Sunday, December 9, 2012

4 years ago

It is the middle of the night and I cannot sleep. I fell asleep after reading Hadley a story and a few minutes ago just caused a flutter because I tried to make Hadley go to the bathroom. That scene woke up the whole house. She didn't go before bed and so when that happens she tends to kick her legs in the middle of the night, a sign she has to go. Well she cried the whole time and no pee, so back to bed she went. Now I am worried, I know she is fine, but I worry she could end up with a bladder infection. (shaking my head now!)

Anyway... 4 years ago right now I was google searching the terms, "amniotic fluid." My water broke around this time, well started to leak. I remember getting up and going to the bathroom, then having wet pants that kept getting wet even though I got up to change. I knew it must have been my water because the same type of thing happened to Shanessa. But, I google searched it just in case. I was trying to prepare myself for what was about to happen, however there is nothing that can prepare you for the birth of your first child. I didn't tell Robert right away, I left him sleeping and dreaming. Those were his last hours of childless sleep.

After my research, I knew it was indeed my water, so I went back to lay in bed for a little bit to relax and again prepare myself for the unknown. I laid there thinking about the items in my hospital bag, I took a couple deep breaths and thoughts rolled through my head like, "it will be fine or I am sure this isn't it or don't worry." I was nervous, I am not going to lie. I had no idea what to expect and the thought of it scared me to death.
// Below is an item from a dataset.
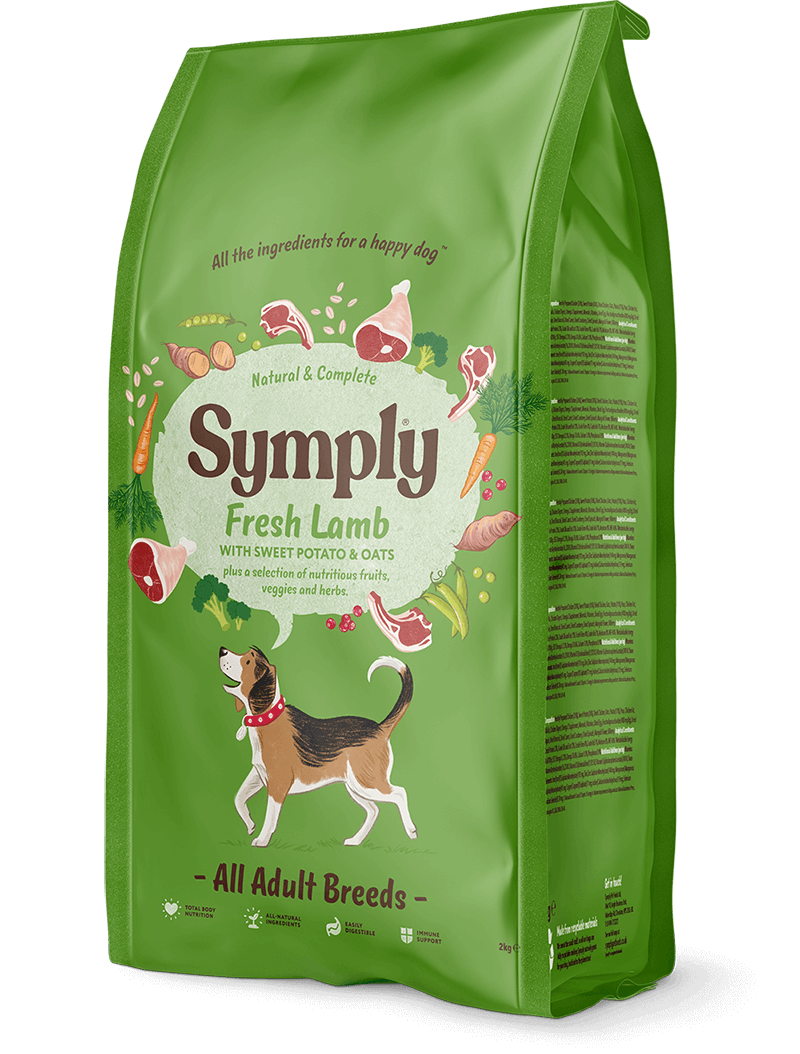 Symply Dry Food Fresh Lamb for All Dog Breeds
Finally after an hour passed maybe a little longer since my initial wake up I nudged Robert. I told him this was it and we should go to the hospital. I didn't have any contractions but I didn't want to wait it out at home either. I wanted to confirm my findings, at least find out about the leak so if it wasn't my water, I could try to go back to bed. We got ready to go, jumped in the car and drove over to Onamia. The roads were empty and the the air was cold. It had snowed and the whole ground was freshly covered. Around 2:30 a.m. we arrived at the ER doors and the only moving anything was a snowplow. We pushed the button and Robert responded, "we think my wife's water broke." The door opened and we were greeted. I was given a robe and I remember thinking, "really a robe, you don't even know if I will be staying." But it was time, the baby was 9 days overdue.

I changed and I was able to rest in bed, they tested the water and it was amniotic fluid. So much to my denial, it was going to happen. I don't want to bore you with the rest of the details because I am sure I have written about them before... but my heavy contractions started around 9 a.m., I tried the usual but it didn't really help. The epidural was late because of surgery, so I didn't get any relief until around 3ish. I pushed from 5:30 to 7:30 and finally was in c-section around 8:30 and Hadley was born at 8:55 p.m. It was a very long day. But it was worth it!

Dear Hadley:
4 years ago today you decided it was time to come into the world and make Robert and I parents. We are so blessed each and every day with your gracefulness. My heart as well as your Daddy's is overflowing with love for you. You are tender and sometimes timid. You are brave and strong. You are a learner and a doer. You enjoy reading and playing. You love to pretend. You are open minded and have a mind that loves to tell stories. You are an amazingly patient big sister. You are our Hadley and we couldn't imagine this wide World without you. We know you give it your all in everything you do so we look forward to watching you grow. We love you to the moon and back!